Morgane Delledonne, Associate Director – Fixed Income Strategist at ETF Securities writes that there has been no change in the Fed’s dot-plot which has boosted precious metals.

She writes that there were USD84.5 million of inflows into gold ETPs last week reversed the prior two weeks of outflows (USD71 million). As expected, the Fed raised interest rates by 25bps. “However, the Fed left its so called dot-plot (its own estimate of where interest rates will end up) unchanged with three rate hikes this year, followed by another three in 2018. Its forecasts for growth and inflation were broadly unchanged.

“The more dovish-than-expected outlook lead the US dollar and yields on 10-yr US Treasuries to fall significantly, supporting gold price. Gold prices rose 1.7 per cent following the Fed’s announcement. We expect the gold price to increase by 5 to 6 per cent by mid-year, but decline toward current levels by year end.”

Meanwhile last week saw inflows into crude oil intensify as US stocks drop. “We saw a second consecutive week of inflows into crude oil ETPs of USD60.5 million (after USD10 million the week before). Oil prices are recovering after US crude oil inventory were slightly reduced last week, for the first time since early January. Meanwhile, Saudi Arabia has announced willingness to extend production curbs in the second half of the year if global stocks remain above the five-year average.”

Delledonne reports that investors took profits on long EUR ETPs. “We saw a reduction on long positions on EUR ETPs (USD26 million) and an increase in short EUR ETPs (USD23 million) after the euro appreciated 1.6 per cent since the latest ECB meeting on March 9th on the back of expectations that the ECB will adopt a less accommodative policy stance. Meanwhile, the defeat of the far-right Eurosceptic candidate Geert Wilders in the Dutch elections also removed downward pressures on the Euro. We expect the Euro to appreciate by roughly 3 per cent toward mid-year.”

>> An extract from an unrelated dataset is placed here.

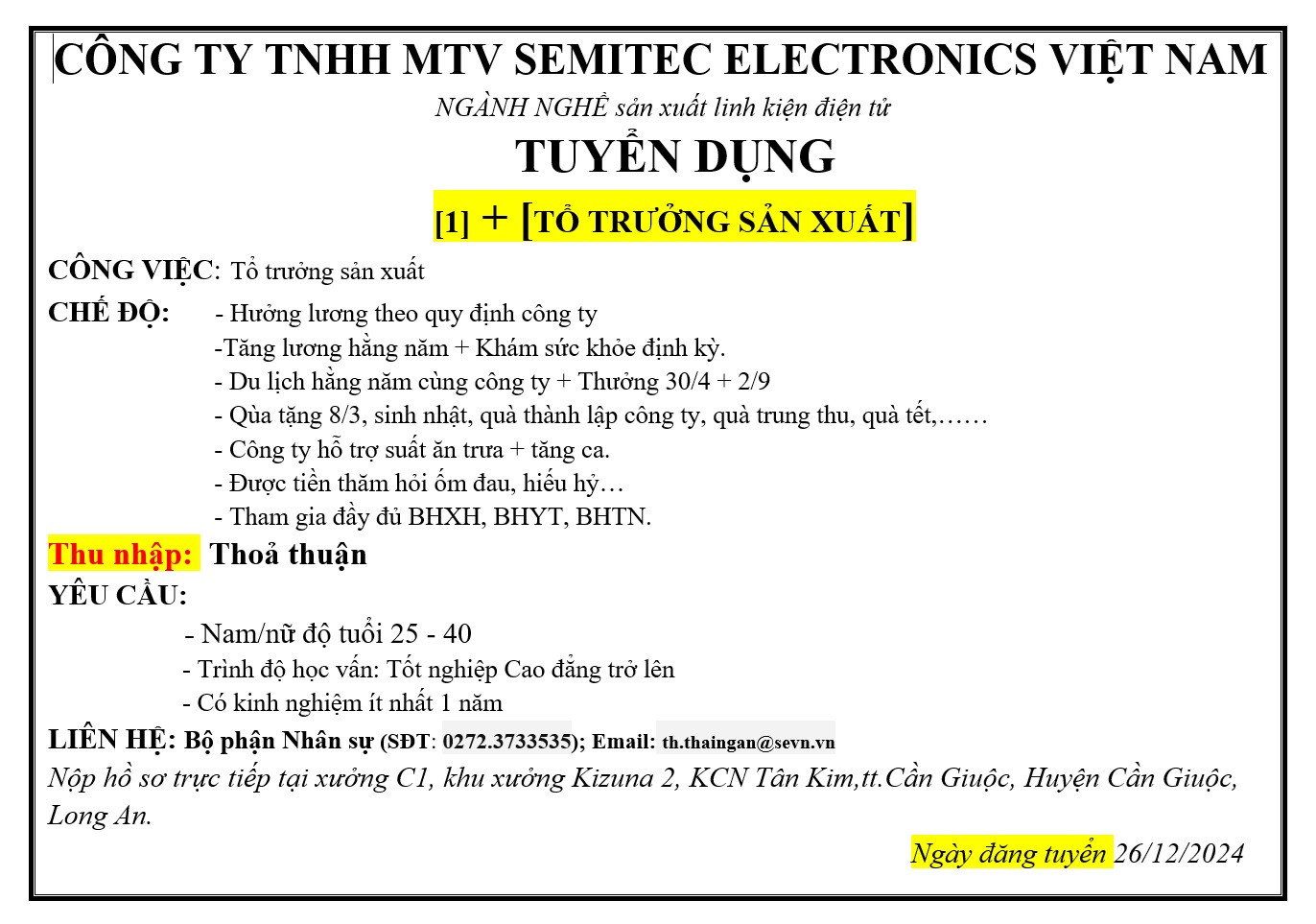 CÔNG TY TNHH MTV SEMITEC ELECTRONICS VIỆT NAM - TUYỂN DỤNG:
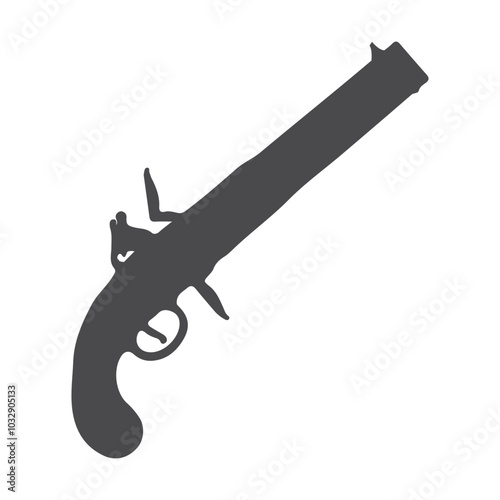 Flintlock Pistol silhouette illustration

Turning to China, ETF Securities writes that the positive economic surprise from China and a weaker US dollar has supported metal prices. “We saw USD51 million of inflows into industrial metals ETPs including USD29 million inflows into copper ETPs after positive economic surprises from China. Both Chinese industrial production and fixed asset investments for February beat expectations, rising 6.3 per cent year on year and 8.9 per cent year on year from 6.0 per cent year on year and 8.3 per cent year on year in January respectively.”

Looking ahead to this week, ETF Securities believes that March Flash PMIs for the Eurozone, US and Japan will provide investors a gauge for economic activity in the final month of the first quarter. Speeches by Fed Chair, Yellen and dissenting committee voter, Kashkari will be followed for hints of further dovishness.